Overview of Robot Vision

Overview

Vision is one of the most important ways for robots to perceive the world. As the "eyes" of robots, cameras provide rich environmental information for navigation, manipulation, human-robot interaction, and other tasks. This section provides an overview of the basic components, camera types, and design considerations for robot vision systems.
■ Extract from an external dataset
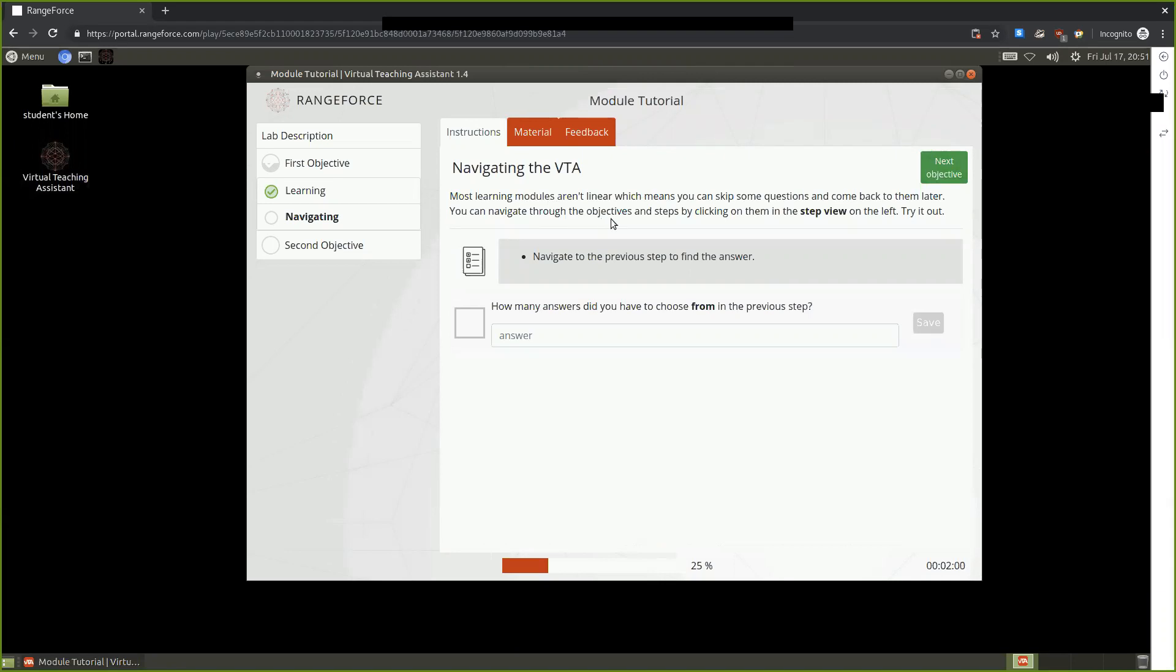The next step here provides us with information regarding how to navigate the Virtual Teaching Assistant.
The Role of Vision in Robotics

Core Applications

Application Domain	Task	Camera Requirements
Navigation	SLAM, obstacle avoidance, path planning	Depth information, wide FOV, high frame rate
Manipulation	Object detection, grasp pose estimation	High resolution, depth accuracy
Human-Robot Interaction	Human detection, gesture recognition	RGB HD, low latency
Inspection	Defect detection, meter reading	High resolution, color accuracy
Autonomous Driving	Lane detection, pedestrian detection	Wide dynamic range, high frame rate

Vision Processing Pipeline

graph LR
    A[Optical System<br>Lens+Sensor] --> B[Image Acquisition<br>ISP/Decoding]
    B --> C[Preprocessing<br>Undistortion/Enhancement]
    C --> D[Feature Extraction<br>Traditional/Deep Learning]
    D --> E[High-Level Understanding<br>Detection/Segmentation/Estimation]
    E --> F[Decision/Control<br>Planning/Action]

    style A fill:#fff3e0
    style B fill:#ffe0b2
    style C fill:#ffcc80
    style D fill:#ffb74d
    style E fill:#ffa726
    style F fill:#ff9800

Camera Type Overview

Classification by Information Acquired

Type	Output	Advantage	Disadvantage	Representative Product
RGB Camera	2D color image	Low cost, high resolution	No depth information	IMX219, C920
Depth Camera	RGB + depth map	Direct 3D acquisition	Limited outdoors, limited range	RealSense D435i
Stereo Camera	Left/right images -> depth	Passive ranging, outdoor capable	High computation	ZED 2i
Structured Light	Projected patterns -> depth	High precision	Indoor only, short range	Kinect Azure
ToF Camera	Time-of-flight -> depth	Fast, texture-independent	Low resolution	PMD Flexx2
Event Camera	Asynchronous brightness changes	Ultra-high temporal resolution	Immature ecosystem	DAVIS346
Panoramic Camera	360-degree image	Full coverage	Large distortion	Ricoh Theta

Classification by Interface

Interface	Bandwidth	Latency	Cable Length	CPU Usage	Suitable Scenario
CSI-2	2.5 Gbps/lane (4 lanes)	Lowest	<30cm	Very low (ISP hardware)	Embedded systems
USB 2.0	480 Mbps	Medium	<5m	Medium	Low-resolution cameras
USB 3.0	5 Gbps	Medium	<3m	Medium	Mainstream cameras
GigE Vision	1 Gbps	Medium	<100m	Low	Industrial cameras
10GigE	10 Gbps	Low	<100m	Low	High-speed industrial cameras

Resolution and Frame Rate

Resolution Selection

Resolution	Pixel Count	Data Size (RGB)	Typical FPS	Suitable Scenario
VGA (640x480)	0.3MP	0.9MB/frame	60-120fps	Real-time navigation, obstacle avoidance
720p (1280x720)	0.9MP	2.7MB/frame	30-60fps	General vision tasks
1080p (1920x1080)	2.1MP	6.2MB/frame	30fps	Object detection, recognition
4K (3840x2160)	8.3MP	24.9MB/frame	15-30fps	High-precision detection

Frame Rate Requirements

\[ \text{Minimum FPS} = \frac{v_{\text{max}}}{d_{\text{min}}} \times \frac{1}{\text{FOV}_{\text{pixel}}} \]

Where:

\(v_{\text{max}}\): Maximum robot speed
\(d_{\text{min}}\): Minimum object detection distance
\(\text{FOV}_{\text{pixel}}\): Field of view per pixel

Frame Rate Calculation Example

Mobile robot speed 1m/s, need to detect obstacles at 2m, horizontal FOV 60 degrees, resolution 640px:

\[\text{Per-pixel FOV} = \frac{60°}{640} \approx 0.094°\]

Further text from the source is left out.